From: Mark Johnston <markj_at_freebsd.org>
Date: Wed, 10 Nov 2021 02:57:47 UTC
On Tue, Nov 09, 2021 at 08:57:20PM -0500, Jan Schaumann via freebsd-net wrote:
> Hello,
> 
> I'm trying to wrap my head around the buffer sizes
> relevant to AF_UNIX/PF_LOCAL dgram socketpairs.
> 
> On a FreeBSD/amd64 13.0 system, creating a socketpair
> and simply writing a single byte in a loop to the
> non-blocking write end without reading the data, I can
> perform 64 writes before causing EAGAIN, yielding 1088
> bytes in FIONREAD on the read end (indicating 16 bytes
> per datagram overhead).

When transmitting on a unix dgram socket, each message will include a
copy of the sender's address, represented by a dummy 16-byte sockaddr in
this case.  This is stripped by the kernel when receiving, but still
incurs overhead with respect to socket buffer accounting.

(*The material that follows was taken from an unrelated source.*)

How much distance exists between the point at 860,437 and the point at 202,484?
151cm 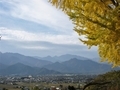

> This is well below the total net.local.dgram.recvspace
> = 4096 bytes.  I would have expected to be able to
> perform 240 1 byte writes (240 + 240*16 = 4080).
> 
> Now if I try to write SO_SNDBUF = 2048 bytes on each
> iteration (or subsequently as many as I can until
> EAGAIN), then I can send one datagram with 2048 bytes
> and one datagram with 2016 bytes, filling recvspace as
> (2 * 16) + (2048 + 2016) = 4096.
> 
> But at smaller sizes, it looks like the recvspace is
> not filled completely: writes in chunks of > 803 bytes
> will fill recvspace up to 4096 bytes, but below 803
> bytes, recvspace is not maxed out.
> 
> Does anybody know why smaller datagrams can't fill
> recvspace?  Or what I'm missing / misunderstanding
> about the recvspace here?

There is an additional factor: wasted space.  When writing data to a
socket, the kernel buffers that data in mbufs.  All mbufs have some
amount of embedded storage, and the kernel accounts for that storage,
whether or not it's used.  With small byte datagrams there can be a lot
of overhead; with stream sockets the problem is mitigated somewhat by
compression, but for datagrams we don't have a smarter mechanism to
maintain message boundaries.

The kern.ipc.sockbuf_waste_factor sysctl controls the upper limit on
total bytes (used or not) that may be enqueued in a socket buffer.  The
default value of 8 means that we'll waste up to 7 bytes per byte of
data, I think.  Setting it higher should let you enqueue more messages.
As far as I know this limit can't be modified directly, it's a function
of the waste factor and the socket buffer size.